Your letter states that: ‘It would seem reasonable to assume that the BBC Trust has instituted the review as a result of concern within the organisation as well as criticisms that have appeared in the media and elsewhere’.  This is not the case, as the press release and published terms of reference make clear. This is the latest in a series of reviews that assess impartiality in specific areas of BBC output. Previous topics covered were BBC coverage of business (2007) and the devolved nations (2008).

It is a key priority for the Trust that the BBC covers potentially controversial subjects with due impartiality, as required by the Royal Charter and Agreement. The review is a ‘health check’ of current coverage, looking to identify both good and bad practice. It makes no presumption of significant failings – or, for that matter, successes – at the outset.

The published terms of reference make clear what is in the review’s scope and what is out, and the means by which Professor Jones will go about assessing the BBC’s coverage, including detailed content analysis, engagement with key stakeholders and audience research if deemed appropriate.

I hope this letter goes some way to clarifying some of the points you raise.”

Of course we hadn’t written to ‘the BBC Trust’ at all, as the Editorial Project Leader’ suggests, but specifically to the BBC Trustee responsible for setting up the review; and ‘sharing’ a letter with someone is a very different thing from actually delivering it to them. It is, of course, a matter for the recipient of a letter to decide who he wishes to share its content with, not for anyone to whom it has been entrusted to deliver to him. And the Editorial Project Leader makes no reference to the main purpose of our letter; that we should have the opportunity to make representations about the impartiality of the BBC’s coverage of climate change as part of the review process.

I have now exchanged half-a-dozen emails with Mr Vander in an attempt to establish that our letter has in fact been delivered to the person it was addressed to; the chairman of the committee to which he is secretary, Professor Richard Tait. All that Mr Vander is prepared to say is that our letter has been ‘shared’ with Professor Tait, in spite of a succession of specific requests to confirm that it has been delivered and not merely ‘shared’.

Apart from the gross discourtesy of not, at the very least, receiving an acknowledgement from Professor Tait of what was obviously a thoughtful and constructive letter, this seems very strange.  Why is the BBC Trust not even prepared to confirm that the letter has been delivered to their impartiality supremo, in spite of repeated requests?
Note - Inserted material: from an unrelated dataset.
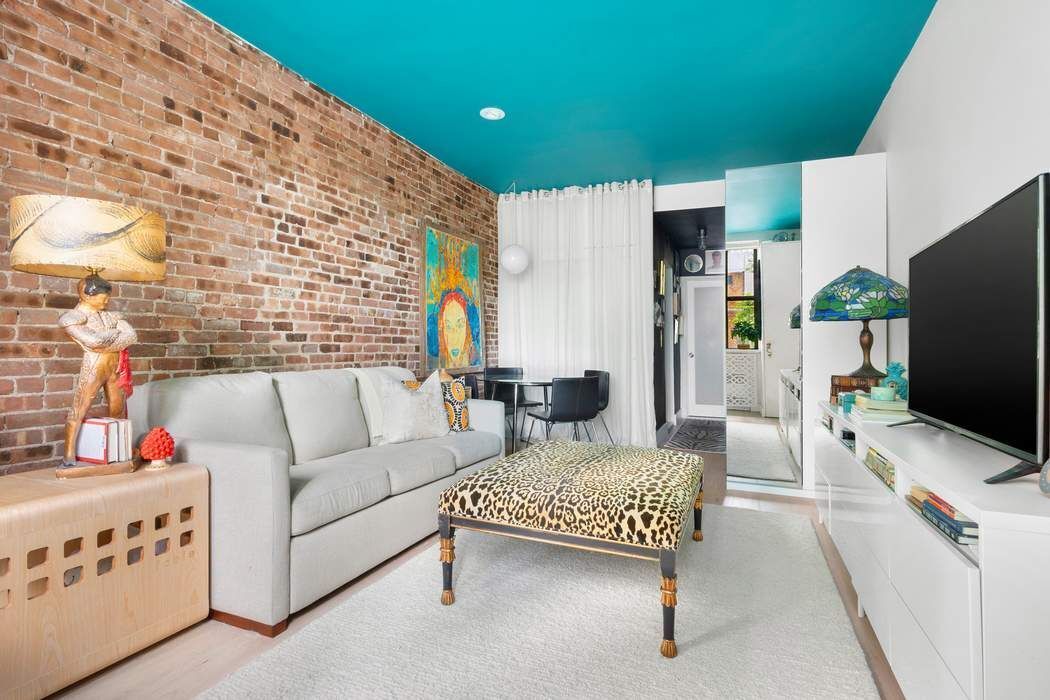 453 West 43rd Street 1B Clinton New York NY 10036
Why is Mr Vander only prepared to say that it has been ‘shared’ with him?  Surely playing silly word games should have no part in the duties of the secretary of the BBC Trust committee that is charged with ensuring that our national broadcaster complies with standards set out in legislation.

Now we have heard from a source close to the BBC that the BBC Trust’s much-vaunted review of the accuracy and impartiality of its science coverage has been cancelled. Could it be that the BBC has realised that, in view of the damage done to the Climategate inquires by not properly representing the well justified concerns and evidence of sceptics, their review would also have little credibility if the critics of their science coverage is excluded, and conversely, that if this input is allowed, then the review would inevitably have to reach some very unpalatable conclusions.

There seems to be little point in our writing to Professor Tait and asking him whether his review has, in fact, been cancelled.